Classroom management involves all those actions by a teacher which affect student learning and behavior. The faculty of the School of Education at IU Northwest believes that effective classroom management is achieved through proactive means (Glasser, 1997, 1998). Reflective Professionals (Agents of Change) can maximize student involvement and minimize student disruption. Purkey and Novak (1996) emphasized that effective classrooms are inviting classrooms, where teachers intentionally invite the active participation of their students in the learning process. That is, the teachers exhibit behavior which invites students to belong and to learn. Harmin (1994, p.2) encouraged all teachers to “aim for a fully inspirational classroom.” He envisioned an effective classroom as one in which students are treated with dignity, where students are involved, and that they are self-managing and self-motivated.

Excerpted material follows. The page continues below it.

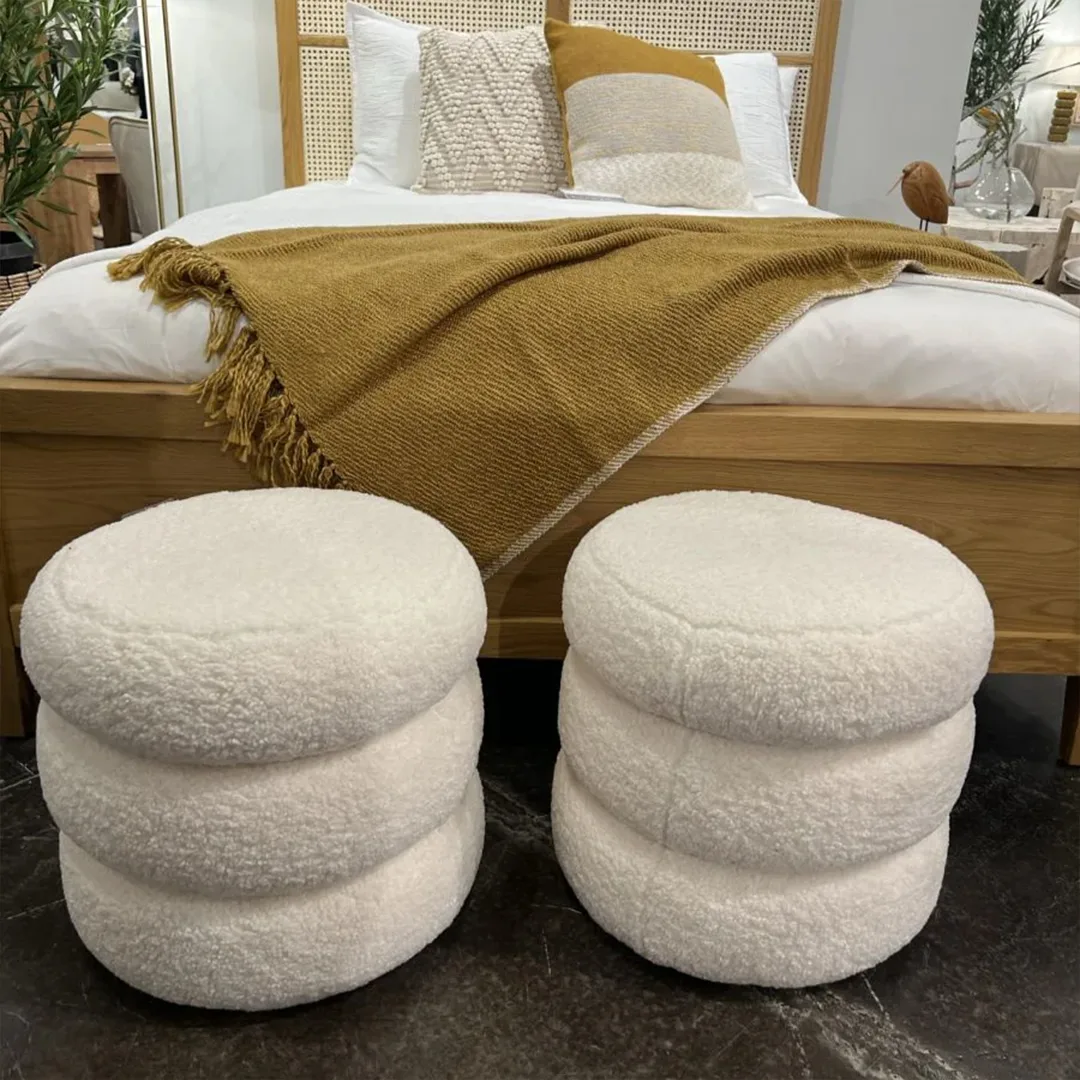 Ottoman Samiro fabricacion diseno muebles taylor decor1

Henderson (1992) proposed that the first characteristic of reflective teaching is the ethic of caring. He noted that caring teachers try to understand their students—both the students as individuals as well as; answers to their questions. The faculty in the SOE believes this is important for all students, especially students with disabilities (Wigle & DeMoulin, 1999). Borich (1992) proposed that motivation is the first step in preventing behavior problems in the classroom. The faculty, therefore, model and encourage their preservice teachers to motivate students by designing lessons which are age- and developmentally-appropriate, as well as meaningful and relevant to their students (Wigle & Manges, 1995)

The IU Northwest faculty subscribe to the belief postulated by Dewey (1916) that the school is the place where children are prepared for citizenship. They carry out that belief by modeling and encouraging the use of classroom methodologies that promote active and cooperative learning, meaningful activities, and mutual feelings of dignity and respect.

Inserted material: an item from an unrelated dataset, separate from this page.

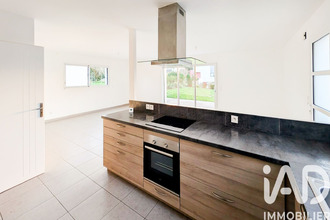 achat maison trevou-treguignec 22660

Recognizing that for various reasons classroom disruptions do occur, the faculty realizes that teachers must be prepared to effectively deal with misbehavior and must do so with as little additional disruption as possible. Curwin and Mendler (1988) claim that classroom rules are important, but they are often overemphasized. They proposed that rules based upon principles and enforcement that included consequences were far more important to the achievement of long-term behavior change. The IU Northwest faculty encourages their preservice teachers to create classroom environments and procedures that minimize disruption, but then to respond to disruptions as they occur with prescribed consequences and suggestions for improvement (Eggen & Kauchak, 2001; Evertson, Emmer, Clements & Worsham, 2000).

This conceptual theme is most aligned with INTASC Principle 5: The teacher uses an understanding of individual and group motivation and behavior to create a learning environment that encourages positive social interaction, active engagement in learning and self-motivation. It also parallels Principle 7 that focuses on the knowledge of subject matter, students, the community, and curriculum goals.